═══ ENTRIES SUPPLIED
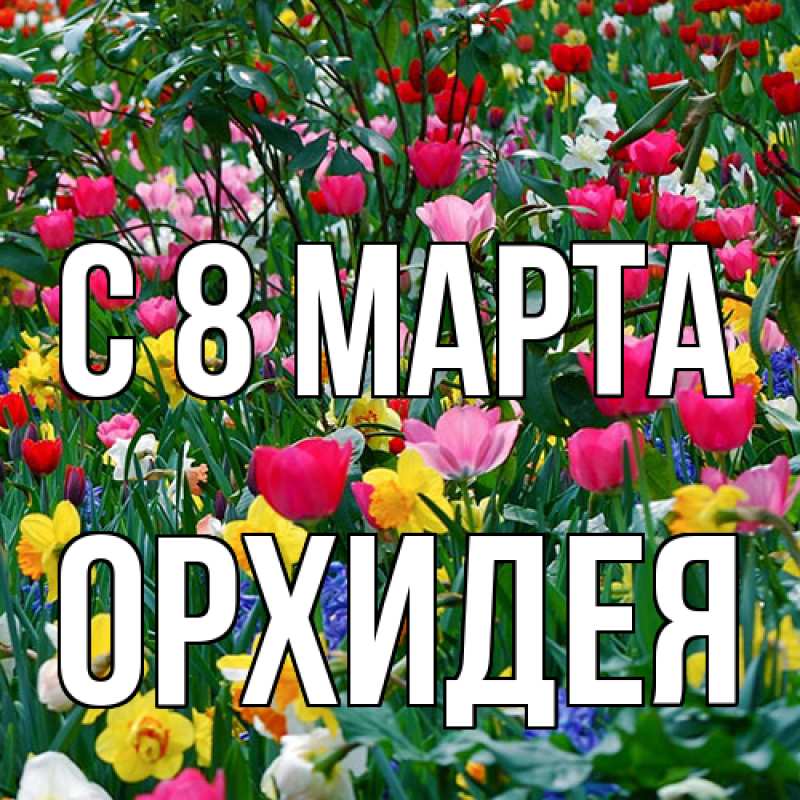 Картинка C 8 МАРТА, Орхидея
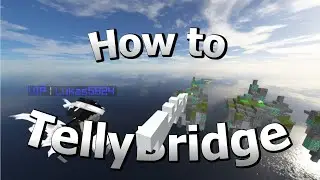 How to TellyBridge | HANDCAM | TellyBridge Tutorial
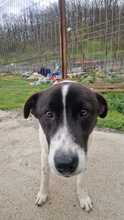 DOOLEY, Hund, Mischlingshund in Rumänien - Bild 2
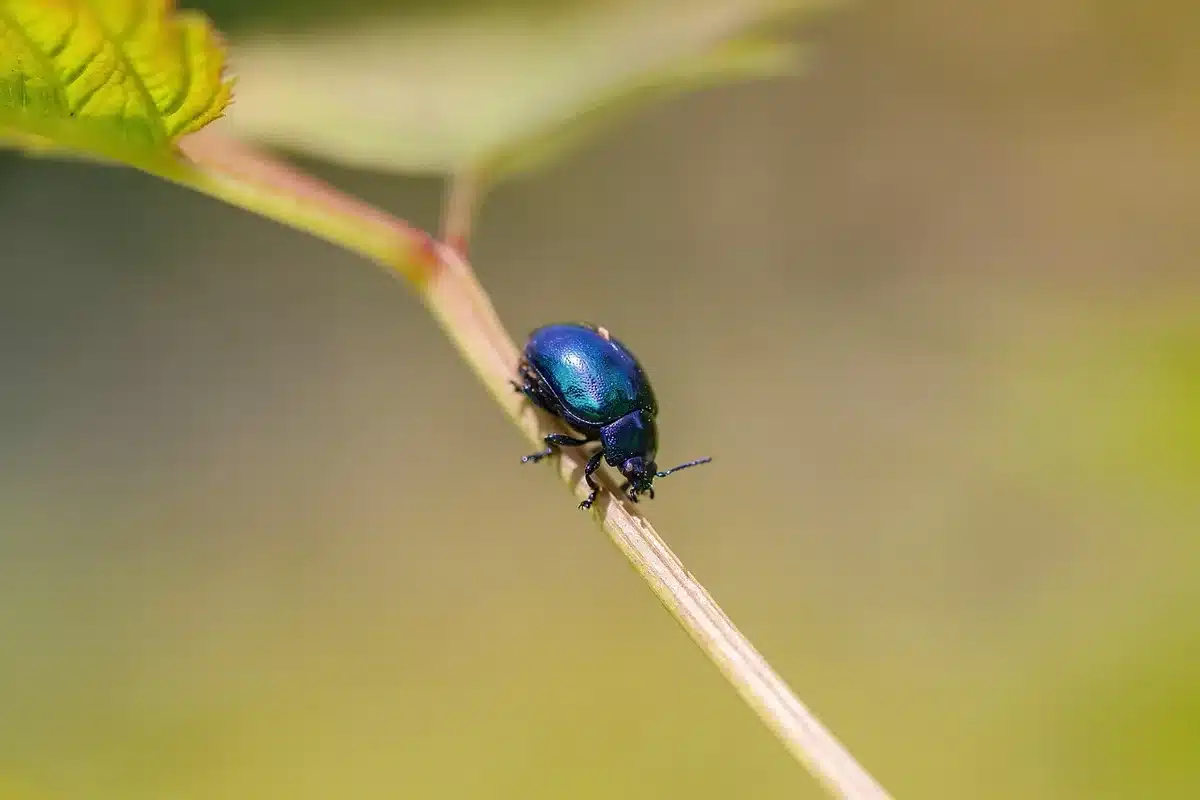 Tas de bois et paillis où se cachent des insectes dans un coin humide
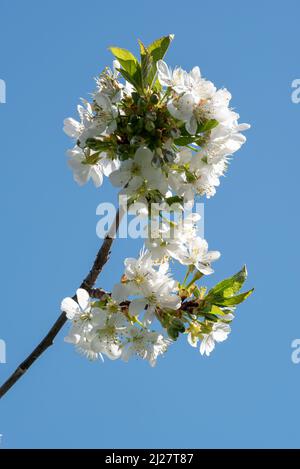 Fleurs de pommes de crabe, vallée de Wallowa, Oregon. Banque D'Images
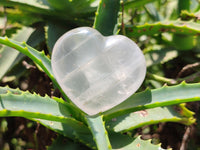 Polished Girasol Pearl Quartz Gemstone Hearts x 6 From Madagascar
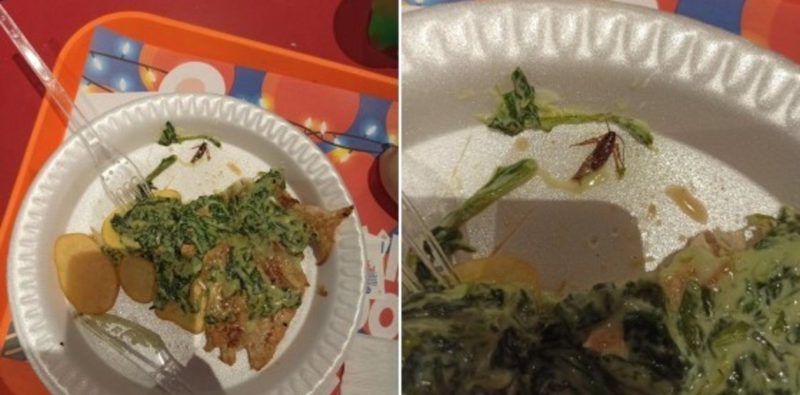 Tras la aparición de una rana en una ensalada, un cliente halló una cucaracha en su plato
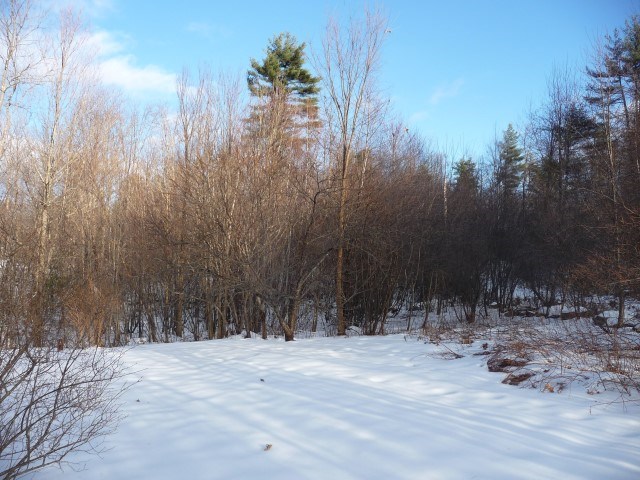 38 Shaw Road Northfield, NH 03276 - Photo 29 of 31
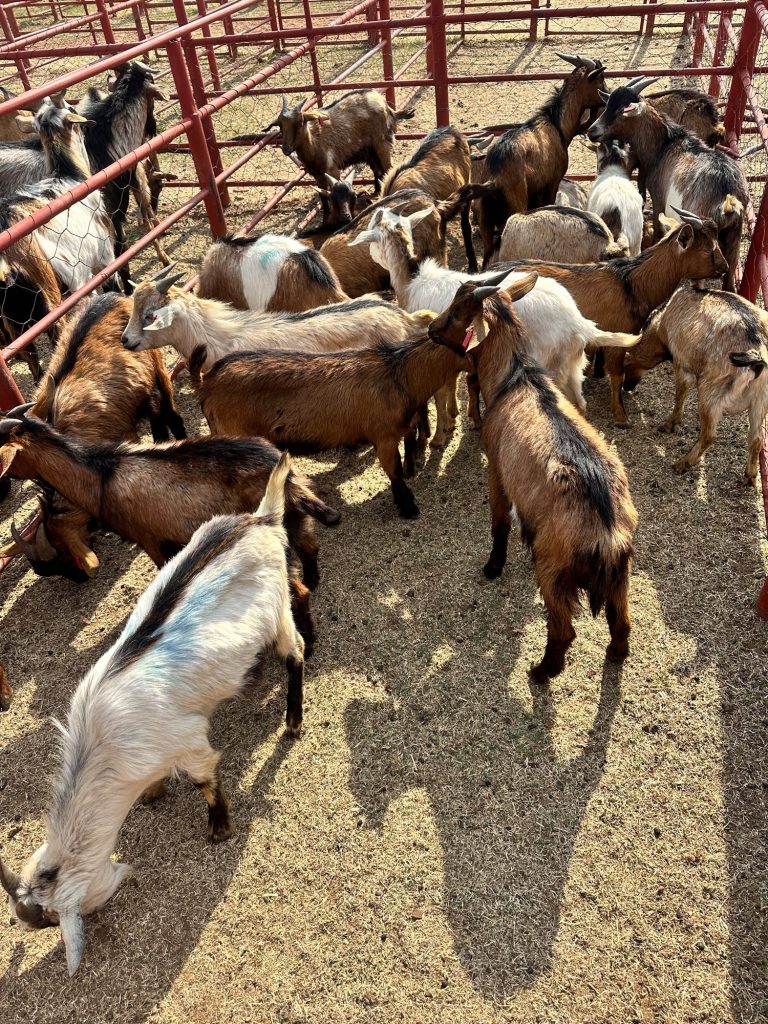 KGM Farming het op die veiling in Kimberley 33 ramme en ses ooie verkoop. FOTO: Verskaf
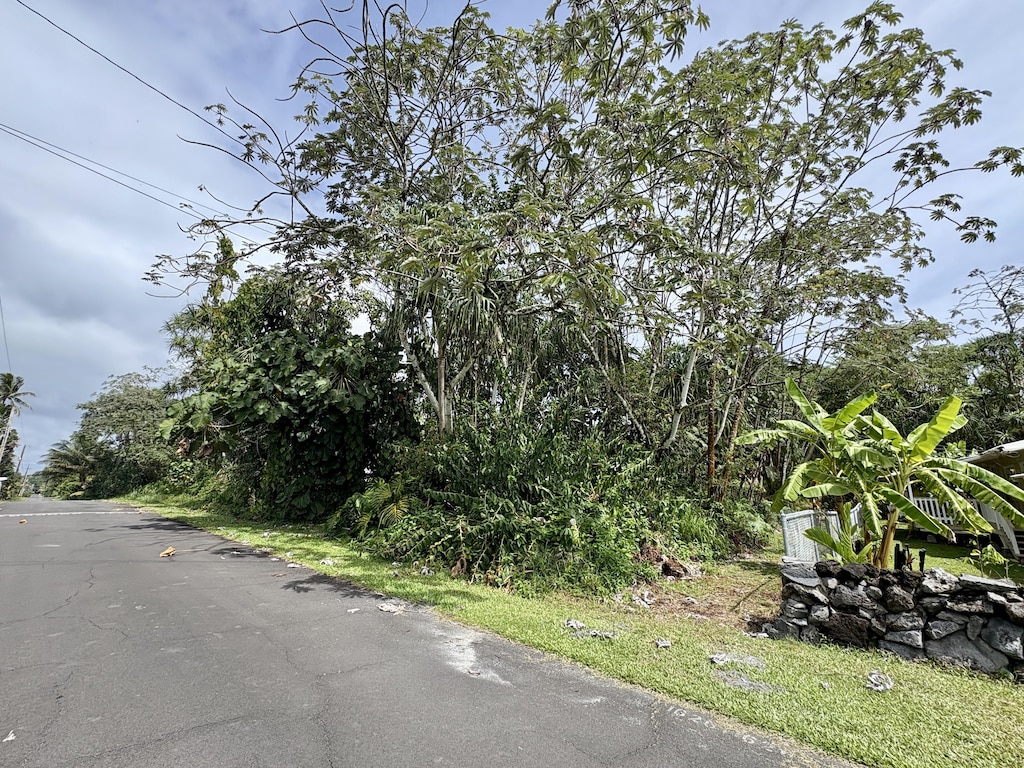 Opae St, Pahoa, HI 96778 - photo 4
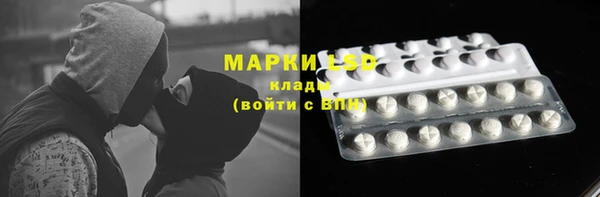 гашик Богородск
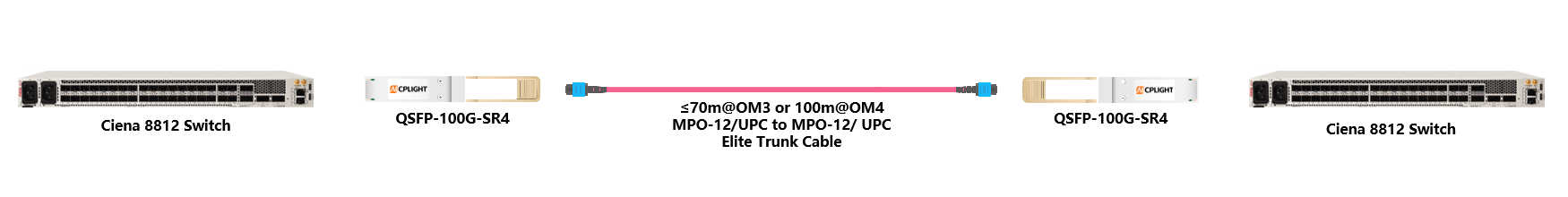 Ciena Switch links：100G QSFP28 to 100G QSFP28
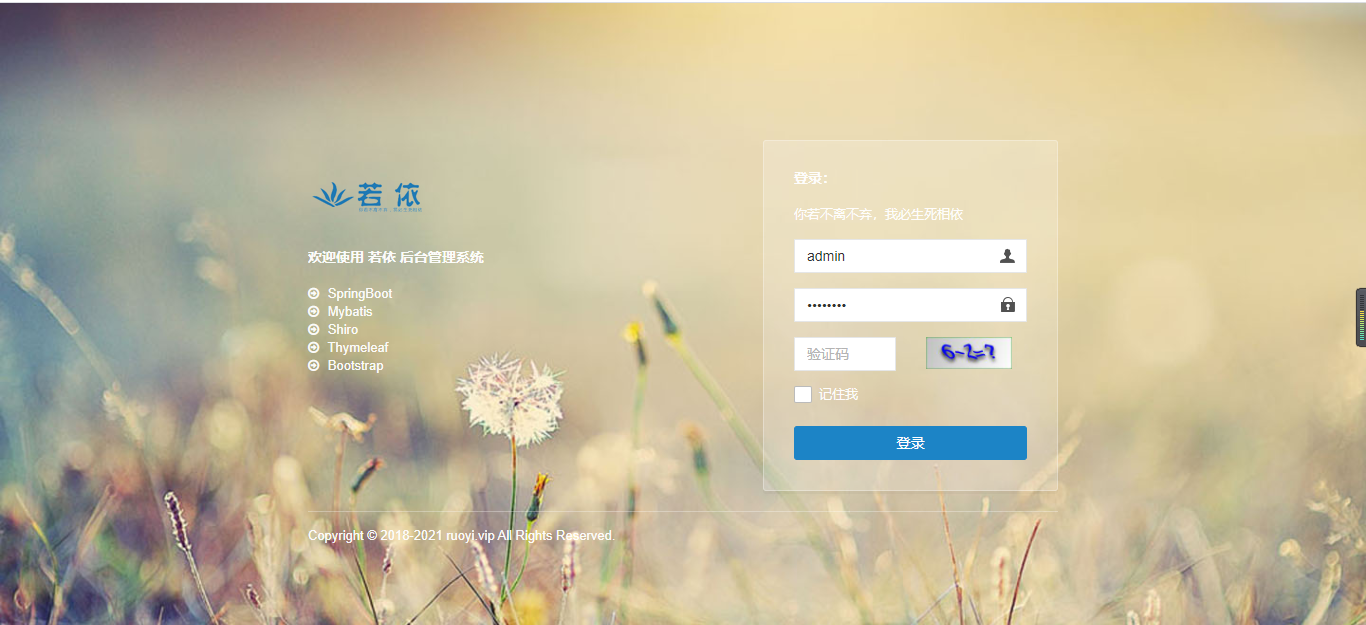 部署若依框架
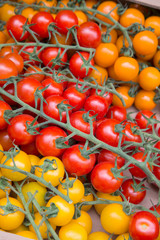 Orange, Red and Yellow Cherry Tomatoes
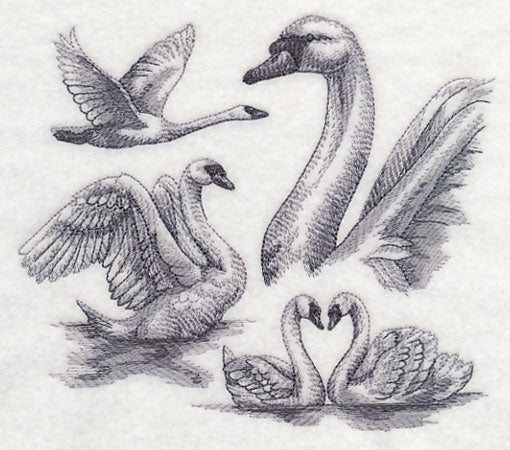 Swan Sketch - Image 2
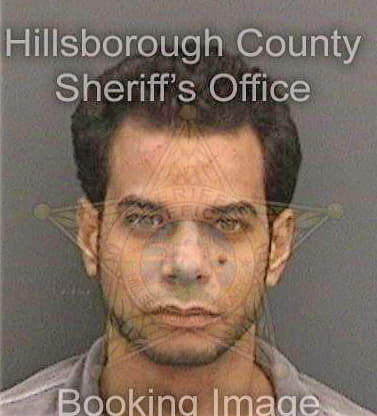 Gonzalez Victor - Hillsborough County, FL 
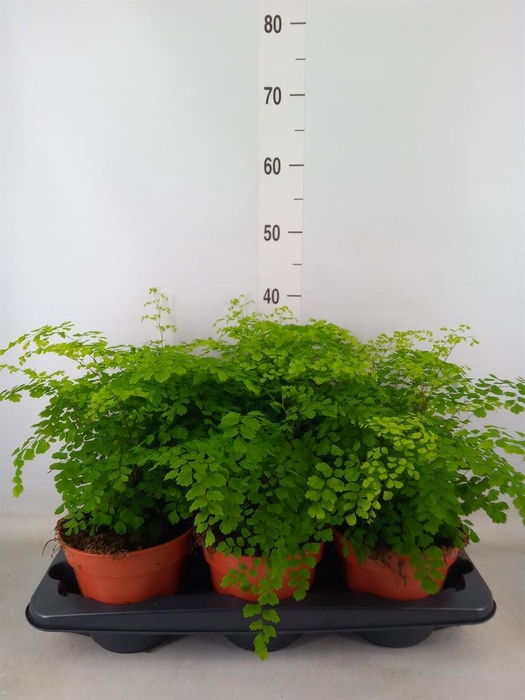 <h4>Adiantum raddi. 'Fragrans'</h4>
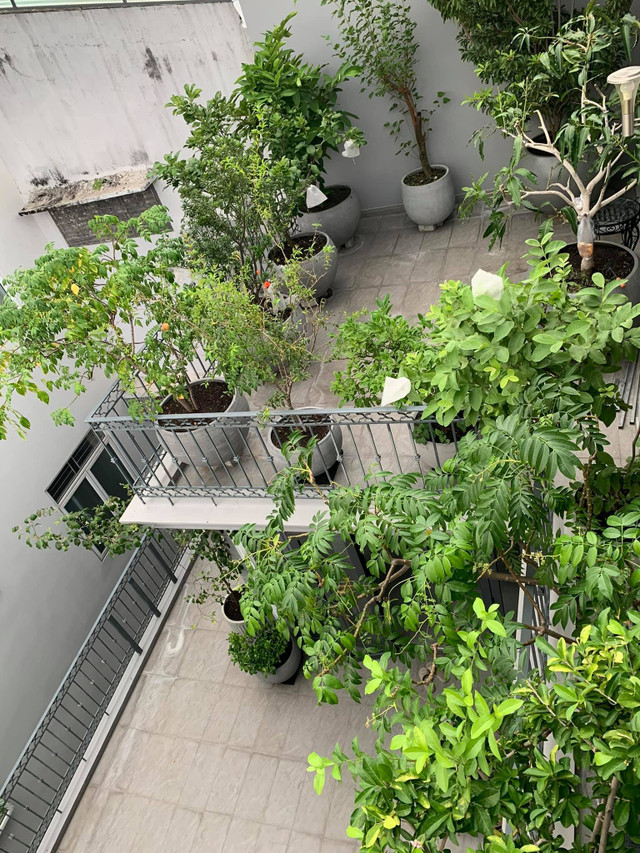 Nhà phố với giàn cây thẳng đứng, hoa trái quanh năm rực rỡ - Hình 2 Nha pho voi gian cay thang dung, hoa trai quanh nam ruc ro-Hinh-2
══════
TASK GOAL
Output exactly and only the lines from the line containing "Swan Sketch - Image 2" to the end of the entries, both included, and omit every picture.

WRITTEN RESPONSE
 Swan Sketch - Image 2
 Gonzalez Victor - Hillsborough County, FL 
 <h4>Adiantum raddi. 'Fragrans'</h4>
 Nhà phố với giàn cây thẳng đứng, hoa trái quanh năm rực rỡ - Hình 2 Nha pho voi gian cay thang dung, hoa trai quanh nam ruc ro-Hinh-2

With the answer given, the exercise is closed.